# Steelhead.....Trout or salmon?



## smokeamotive (Dec 11, 2010)

Went to Sams club yesterday and picked up what I though was salmon. Got it home and it said "Steelhead Trout" Thet were sitting side buy side in case and looked alike. My questions are such......

1. Is Steelhead a Salmon or a Trout?

2. Will Steelhead smoke as well as a Salmon?


----------



## DanMcG (Dec 11, 2010)

Although I've never done fish. I'm pretty sure they are close relatives and should smoke the same.


----------



## 5lakes (Dec 11, 2010)

Steelhead is a sea going rainbow trout. I prefer them to salmon. For smoking, you can do it the same as you would a similar size salmon. Incredibly delicious. Remember to post some pics.


----------



## smokeamotive (Dec 11, 2010)

5lakes said:


> Steelhead is a sea going rainbow trout. I prefer them to salmon. For smoking, you can do it the same as you would a similar size salmon. Incredibly delicious. Remember to post some pics.
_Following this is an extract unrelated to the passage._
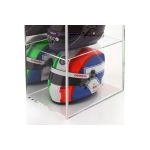 Display case for 4 helmets in 1/2 scale mirrored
Cool, I thought I perhaps made a big blunder when I pick them up by mistake. going to put them in the new MES 40 I got.just have to figure out which recipe I will use to brine and smoke them.


----------



## gnubee (Dec 13, 2010)

*One tip* if you are catching your own salmon up river... don't go for the brightest chrome fish you can. Instead save that well coloured fish for smoking. by the time they have been in the freshwater They have more of the tasty oils in them and they finish with noticeably more flavour than a fresh sea run Salmon will. Strange but true.


----------



## smokeamotive (Dec 13, 2010)

Did not know that.... Thanks gnubee


----------



## meateater (Dec 13, 2010)

Steelhead are rainbows that take a salt bath for a few years. They are tasty, not quite like salmon but I'd still smoke them.


----------



## blizz (Dec 14, 2010)

Alot of Steelhead never ever see saltwater. They catch tonnes of them where my father lives and they never leave the local area. Some are wild some are farmed.


----------



## bombcast (Dec 20, 2010)

taxonomically, steelhead were re-classified as salmon about 20 years ago.  They are not as oil and fat-rich as some of the Pacific salmon, notably sockeye, king and silvers.  They CAN be delicious grilled or smoked, like a previous poster mentioned, colored-up fish are better smoked, and brighter fish tend to be better grilled. Every now and then, in defiance of color or shape, you'll get an extremely strong tasting fish that you wished you hadn't cooked. 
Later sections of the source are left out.